GOAL OF THE EXERCISE =>
Transcribe all of the data exactly. Omit the pictures.

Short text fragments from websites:
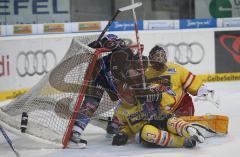 DEL - ERC Ingolstadt - DEG Düsseldorf - Tyler Bouck stürzt in Tor, Jason Holland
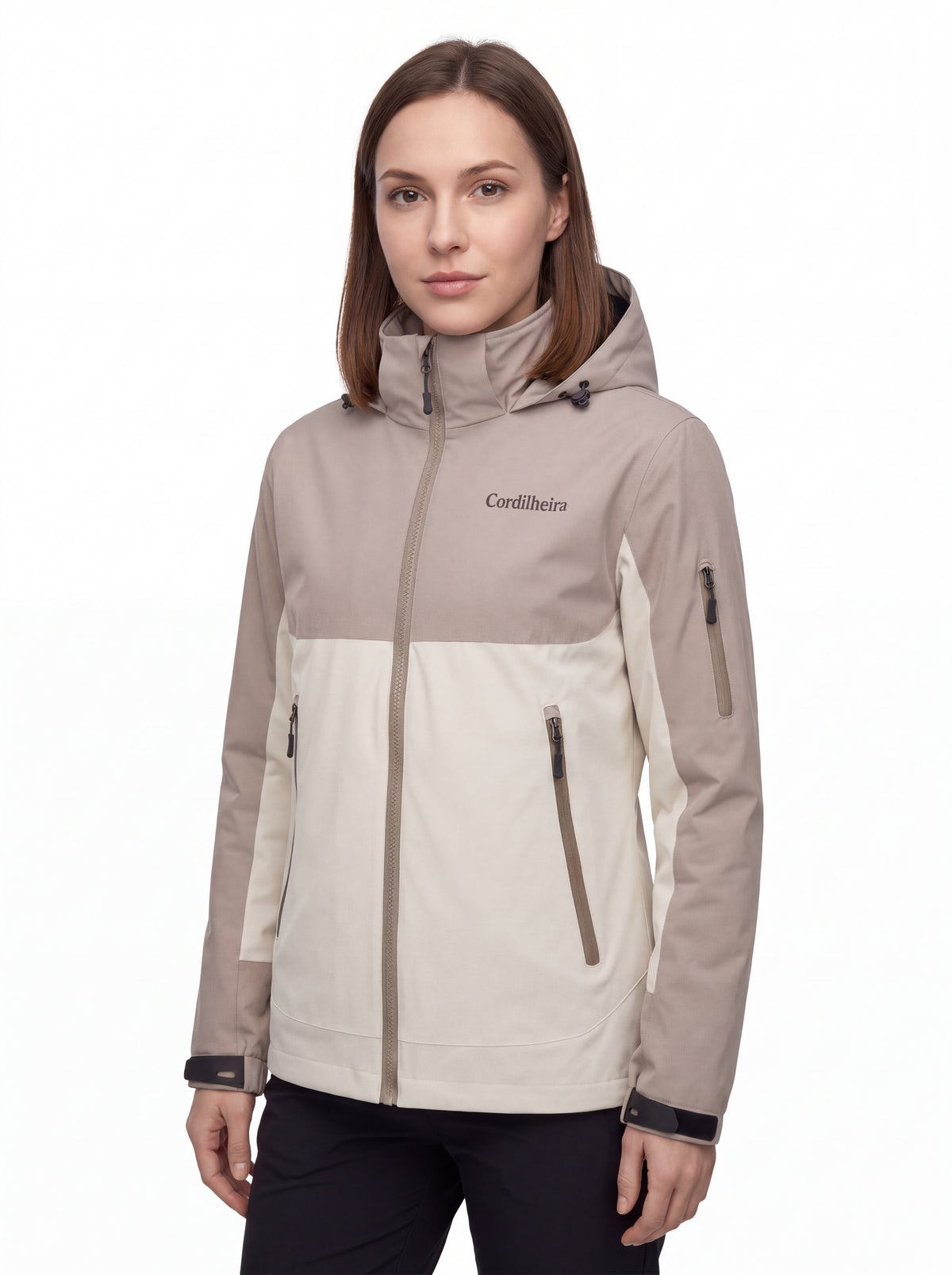 Modelo usando Jaqueta Cordilheira Strategy Feminina Impermeável com logo em destaque, Roupa da Marca Cordilheira com Boa qualidade, resistência e acabamento Confiável para outdoor.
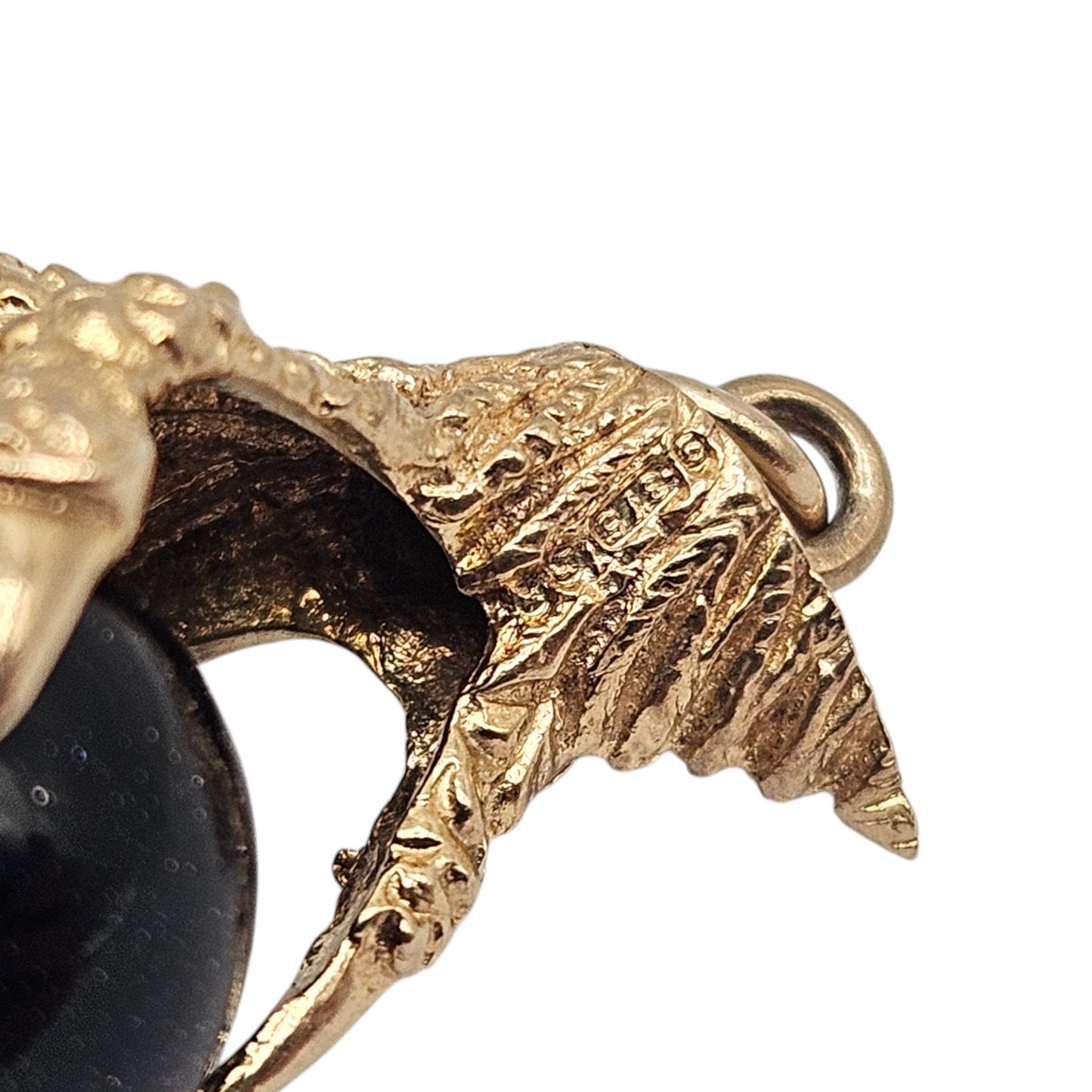 9ct 375 Yellow Gold Ball in Claw Charm 1972 L 1.9 cm 3.4 g
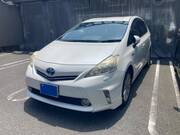2011 TOYOTA PRIUS ALPHA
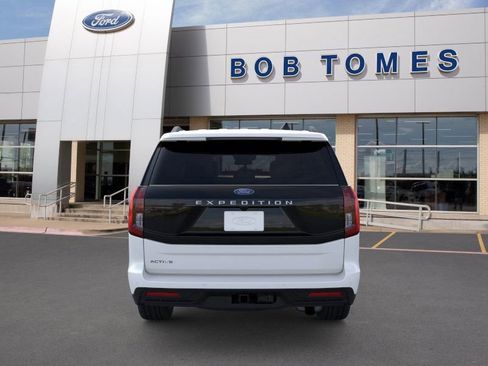New 2025 Ford Expedition Active image 7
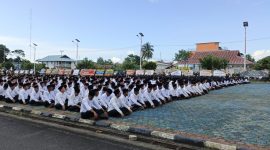 Pegawai PPPK saat menerima SK beberapa waktu lalu | Foto : Zonamu/Wandi
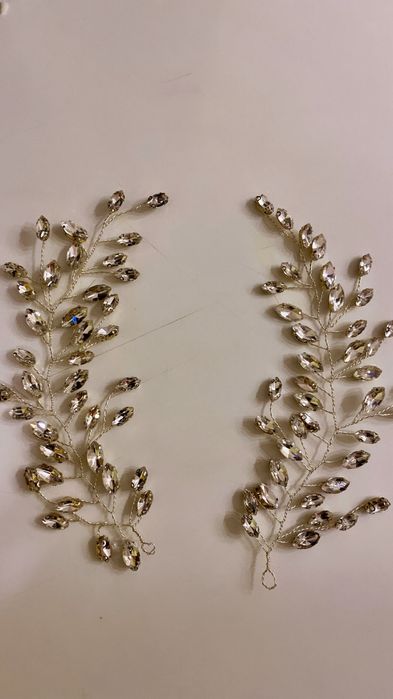 Весільна прикраса у волося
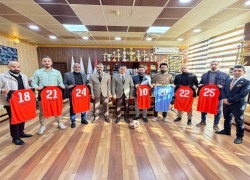 عميد كلية القانون والعلوم السياسية يستقبل فريق الكلية الرياضي ويؤكد على أهمية تمثيل الكلية في بطولة كليات الجامعة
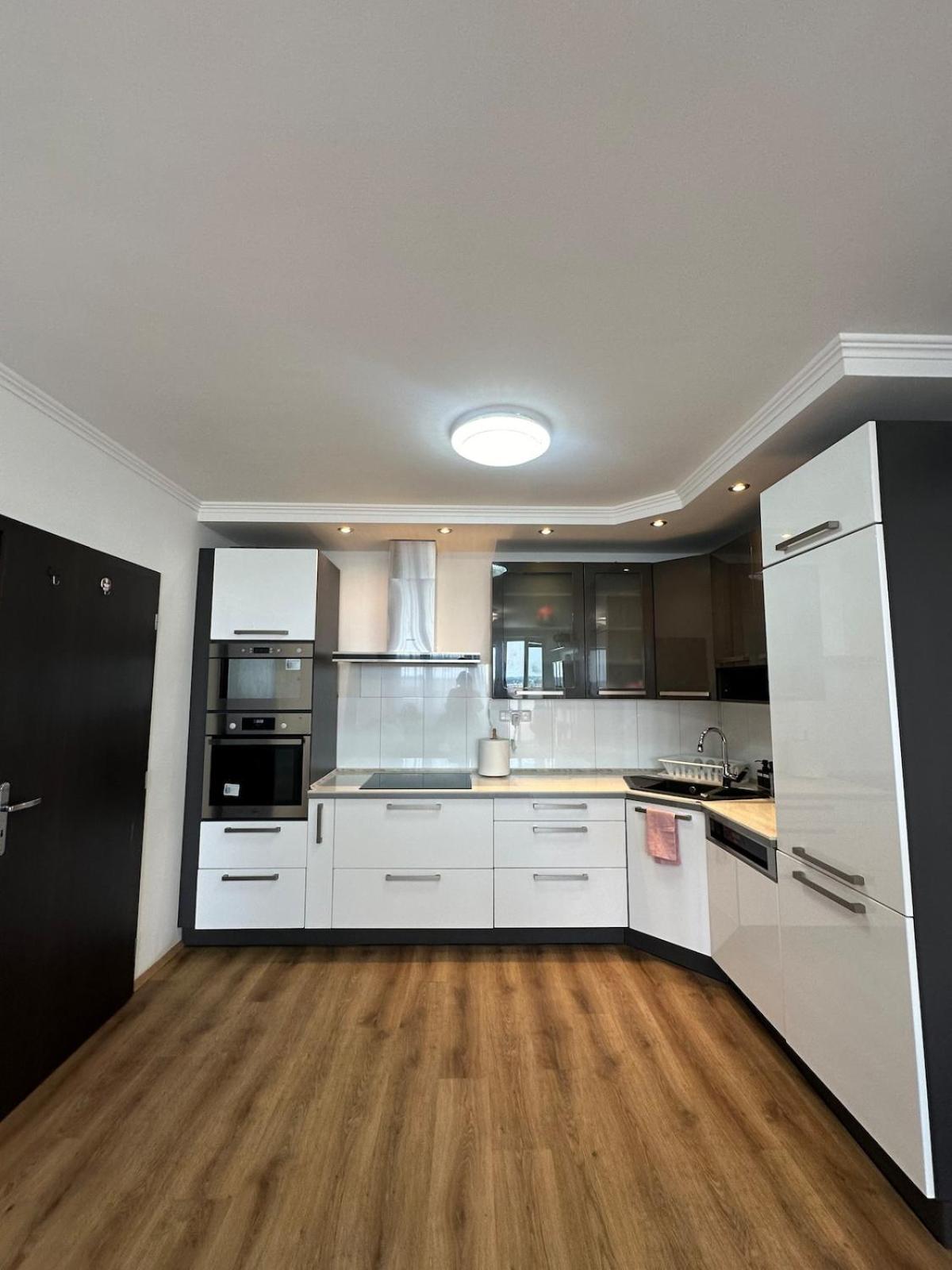 Apartamento High Rise Cozy 2brd Flat *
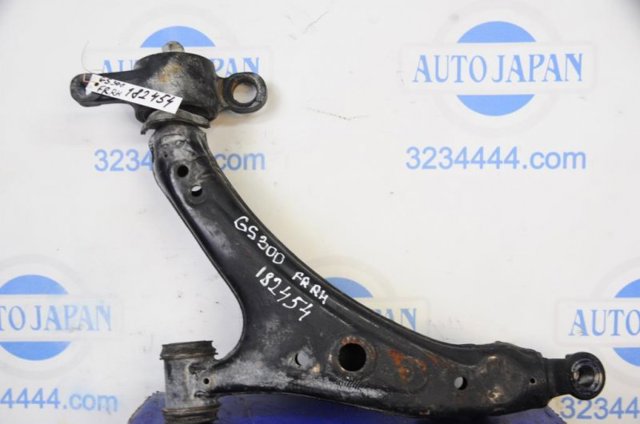 Передний нижний рычаг 4862050050 TOYOTA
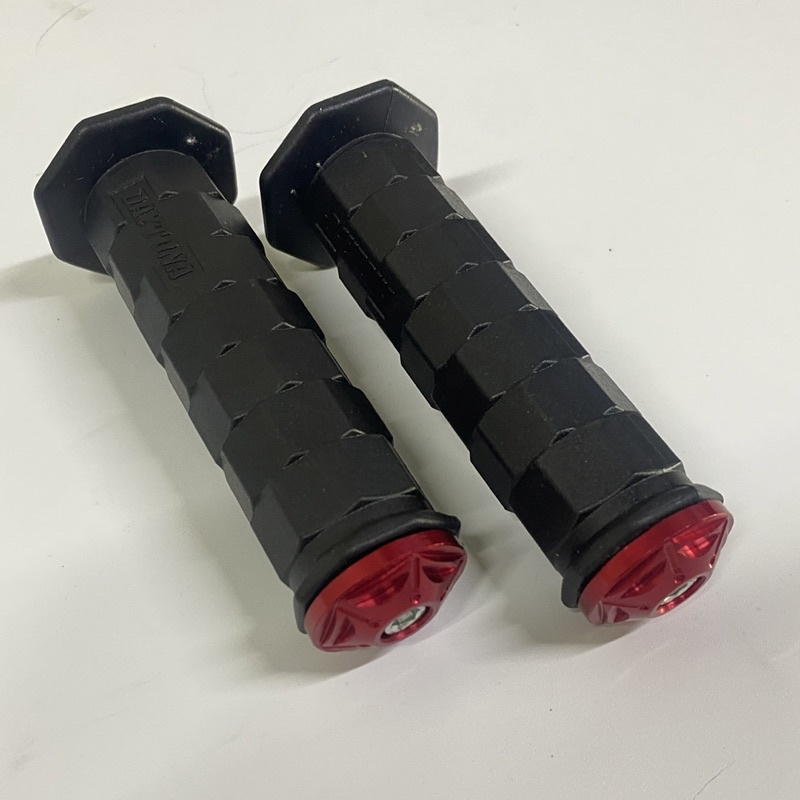 Bao tay Daytona kèm gù Salaya gắn thông dụng tất cả các dòng xe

WRITTEN ANSWER =>
 DEL - ERC Ingolstadt - DEG Düsseldorf - Tyler Bouck stürzt in Tor, Jason Holland
 Modelo usando Jaqueta Cordilheira Strategy Feminina Impermeável com logo em destaque, Roupa da Marca Cordilheira com Boa qualidade, resistência e acabamento Confiável para outdoor.
 9ct 375 Yellow Gold Ball in Claw Charm 1972 L 1.9 cm 3.4 g
2011 TOYOTA PRIUS ALPHA
New 2025 Ford Expedition Active image 7
 Pegawai PPPK saat menerima SK beberapa waktu lalu | Foto : Zonamu/Wandi
 Весільна прикраса у волося
 عميد كلية القانون والعلوم السياسية يستقبل فريق الكلية الرياضي ويؤكد على أهمية تمثيل الكلية في بطولة كليات الجامعة
 Apartamento High Rise Cozy 2brd Flat *
 Передний нижний рычаг 4862050050 TOYOTA
 Bao tay Daytona kèm gù Salaya gắn thông dụng tất cả các dòng xe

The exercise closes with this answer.